L’heure d’une initiative européenne diplomatique forte
Si l’on veut éviter une déflagration de plus en plus vraisemblable, un changement d’approche des principaux acteurs internationaux est nécessaire : jusqu’ici, l’enjeu du dossier iranien ne paraissait pas pour la Russie, la Chine, voire les Européens justifier autre chose qu’un jeu de positionnements diplomatiques, sans prise de risque majeure compte tenu des implications économiques de l’application de l’extraterritorialité des lois américaines. Il est vrai aussi qu’en campant sur une attitude intransigeante s’agissant de leur programme balistique et de leurs positions régionales, les Iraniens n’ont pas facilité jusqu’ici un engagement actif de leurs partenaires.

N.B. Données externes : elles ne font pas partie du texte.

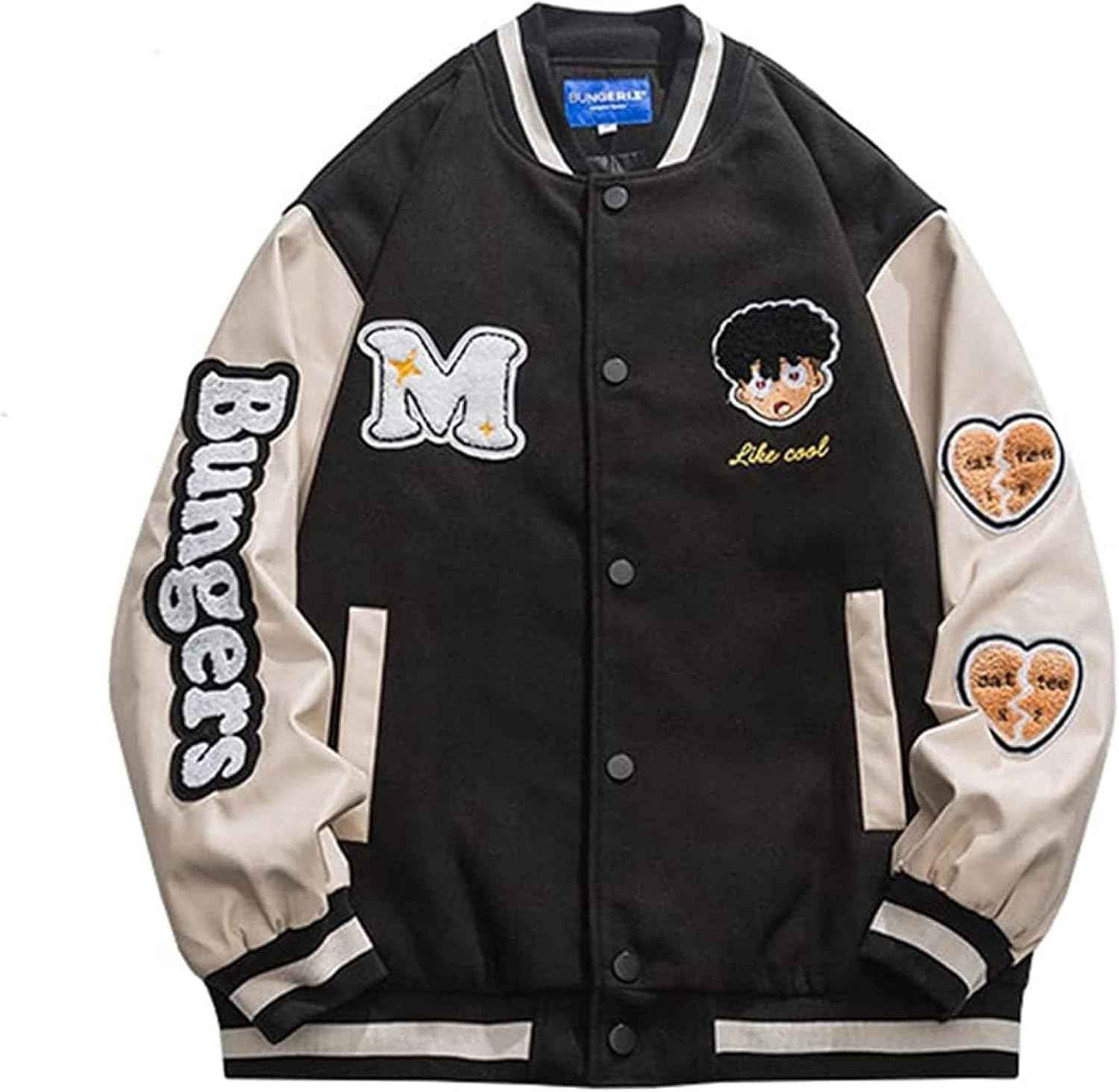 スタジャン ジャケット メンズ アウター スタジアムジャンパー PU革袖 ジャケット フライトジャケット パッチワーク ストリート おしゃれ ジャンパー アメカジ アウター カジュアル 大きいサイズ｜Yokos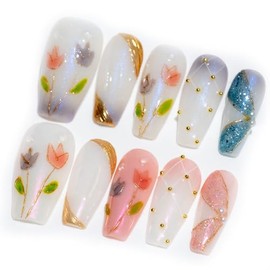 Sun&Beam Nails Handmade Long Coffin Ballerina White Pink False Nail Tips with Cute 3D Gold Pearl Popular Charm Design Press On Nails 10 Pcs (#56 M)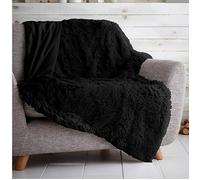 De Lavish Hug & Snug Faux Fur Throw 150x200 Bed Sofa Fluffy Double Size Blanket Soft, Black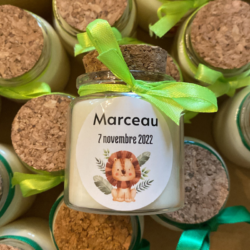 Mini bougie personnalisée cadeau invité - couvercle liège
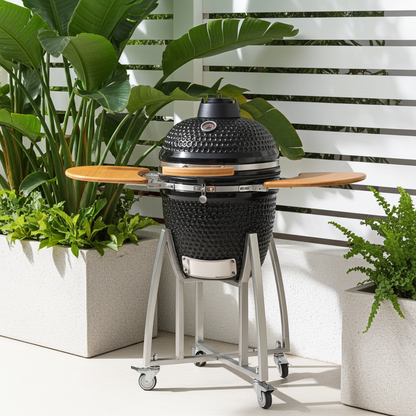 18" Premium Ceramic Kamado Charcoal Smoker & BBQ Grill with Rolling Cart and Side Shelves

La dramatisation à laquelle nous assistons actuellement peut-elle au moins avoir l’avantage de faire bouger les lignes ? Cela peut-être le cas à deux conditions :
- D’abord, l’appel à la négociation que comportent peut-être les dernières mesures iraniennes – c’est la première lecture de celles-ci évoquée plus haut – n’aura pas de suite sérieuse si la négociation se limite à un dialogue Europe-Iran, la première sommée naturellement de "faire plus" en matière économique. Un début de sortie de crise implique que s’ouvre un espace de coopération Chine-Russie-Europe et sans doute Inde ou autres grands partenaires, en vue d’une négociation à la fois vis-à-vis de Téhéran et de Washington.

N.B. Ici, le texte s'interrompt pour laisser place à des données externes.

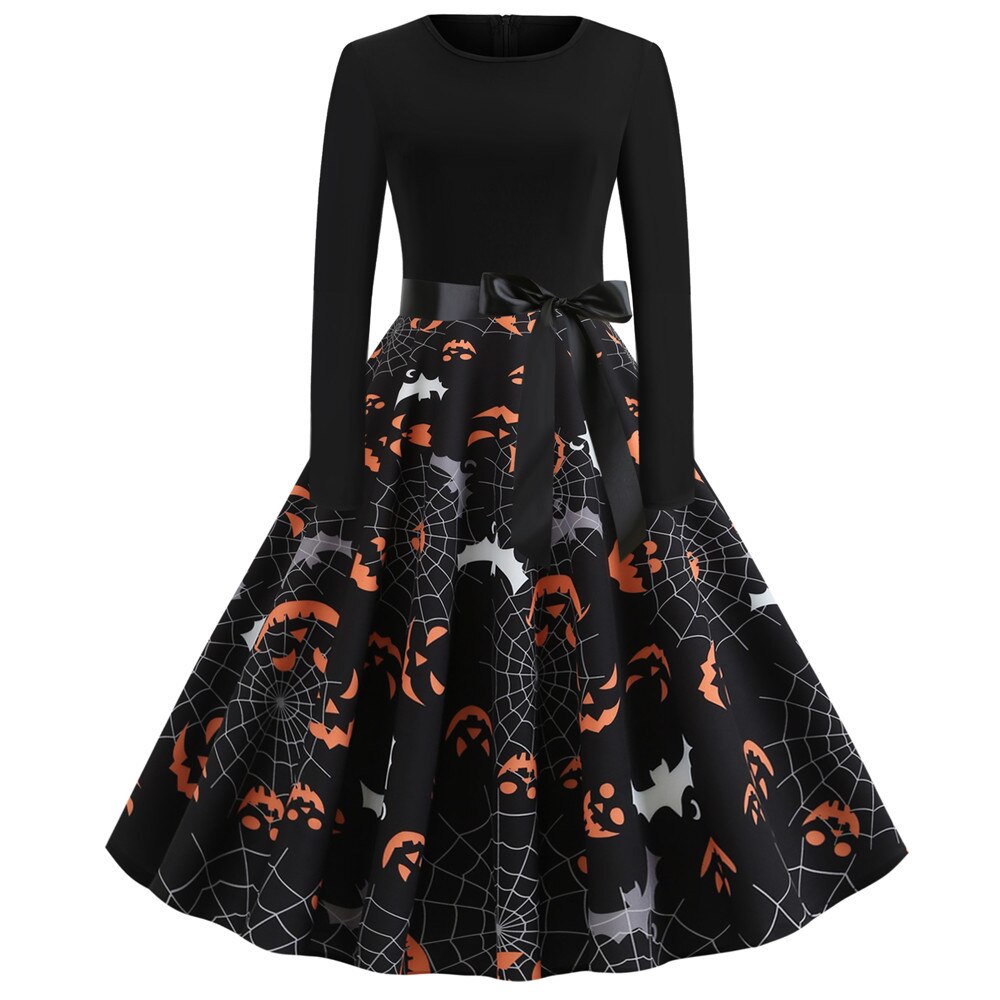 Gothic Karikatur Lange Ärmel Halloween Kostüm Kleid | Mini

En termes pratiques, l’idée circule depuis des mois d’une nouvelle mission à Téhéran des trois ministres – allemand, britannique et français – sur le modèle de la visite Fischer-Straw-Villepin en 2003. En réalité, il faut voir maintenant plus grand et tenter une offensive diplomatique européenne vis-à-vis de Moscou et Pékin, aussi bien que Téhéran et Washington ;
- En second lieu, la solution (si elle existe) se trouve à Washington au niveau de M. Trump lui-même et non de ses collaborateurs. Le Président a répété récemment qu’il attendait que "les Iraniens l’appellent". C’est évidemment, pris au pied de la lettre et dans les circonstances actuelles, impossible. Faut-il totalement exclure pour autant que M. Trump soit insensible à des propositions non publiques lui permettant à terme d’atteindre cet objectif ? Sa présence en juin en Europe pourrait être une occasion d’entamer une nécessaire œuvre de persuasion. Le message à lui adresser devrait être : "c’est en réalité sur le dossier iranien (et non sur la question israélo-palestinienne) que vous pouvez obtenir le deal du siècle".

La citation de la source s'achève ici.